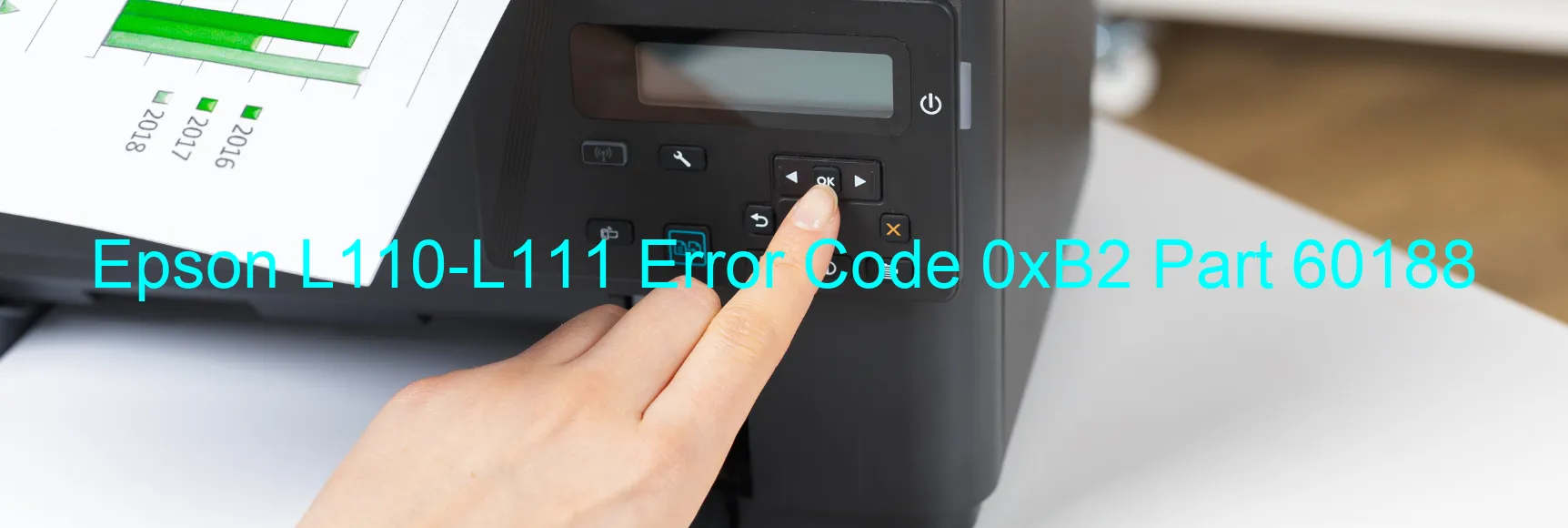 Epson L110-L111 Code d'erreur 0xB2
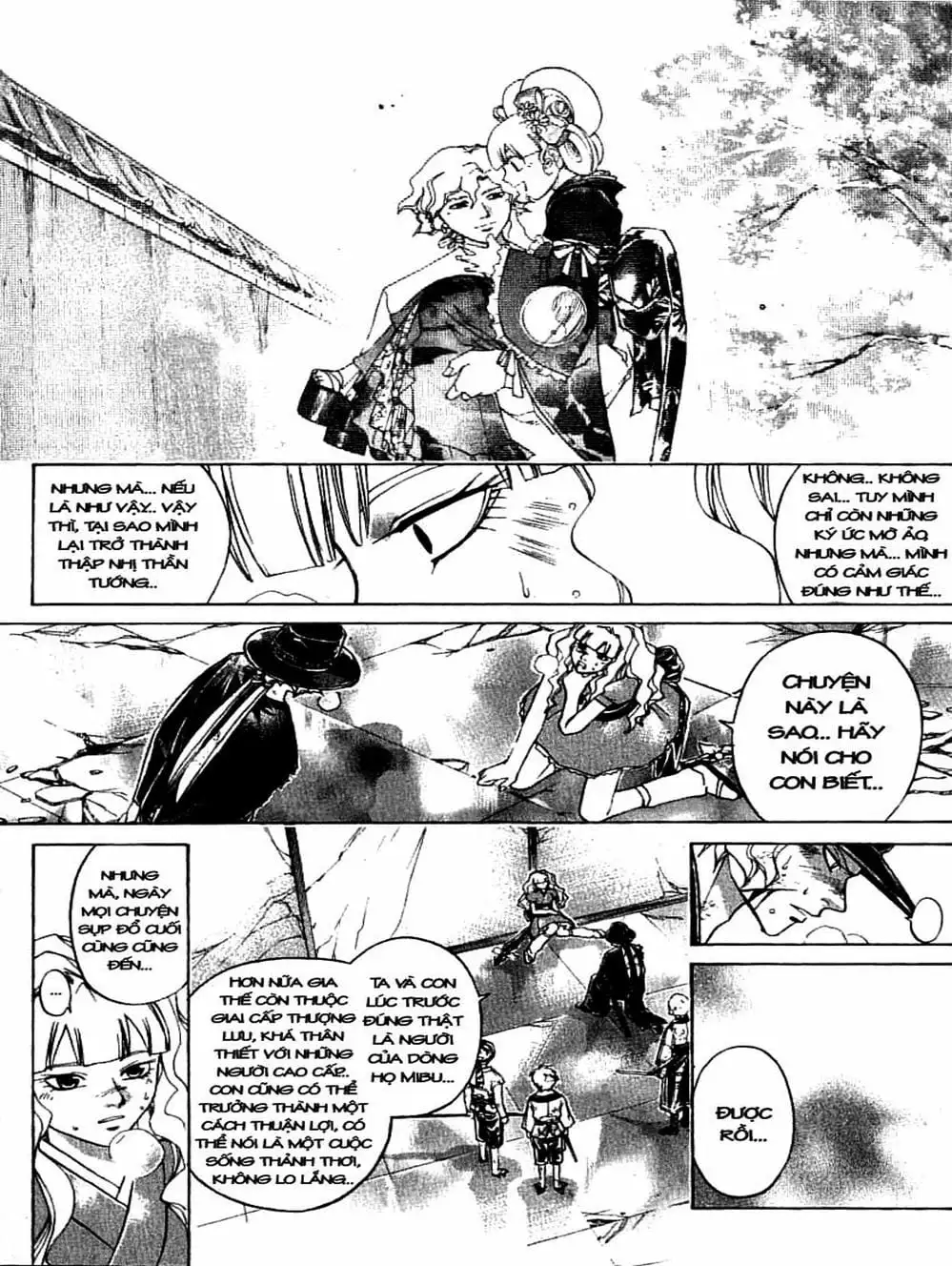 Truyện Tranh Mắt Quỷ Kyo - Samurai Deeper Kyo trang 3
※
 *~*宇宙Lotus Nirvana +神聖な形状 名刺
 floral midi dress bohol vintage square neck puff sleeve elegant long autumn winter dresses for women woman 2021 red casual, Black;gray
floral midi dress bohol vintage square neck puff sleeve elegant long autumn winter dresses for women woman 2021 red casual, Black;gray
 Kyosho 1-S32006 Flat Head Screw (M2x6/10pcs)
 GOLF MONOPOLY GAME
※
**Problem requirements:**
Write down exactly what the lines above say, from the line holding "Epson L110-L111 Code d'erreur 0xB2" through the line holding "Truyện Tranh Mắt", and nothing more. Do not copy the pictures.

**Output of the exercise:**
 Epson L110-L111 Code d'erreur 0xB2
 Truyện Tranh Mắt Quỷ Kyo - Samurai Deeper Kyo trang 3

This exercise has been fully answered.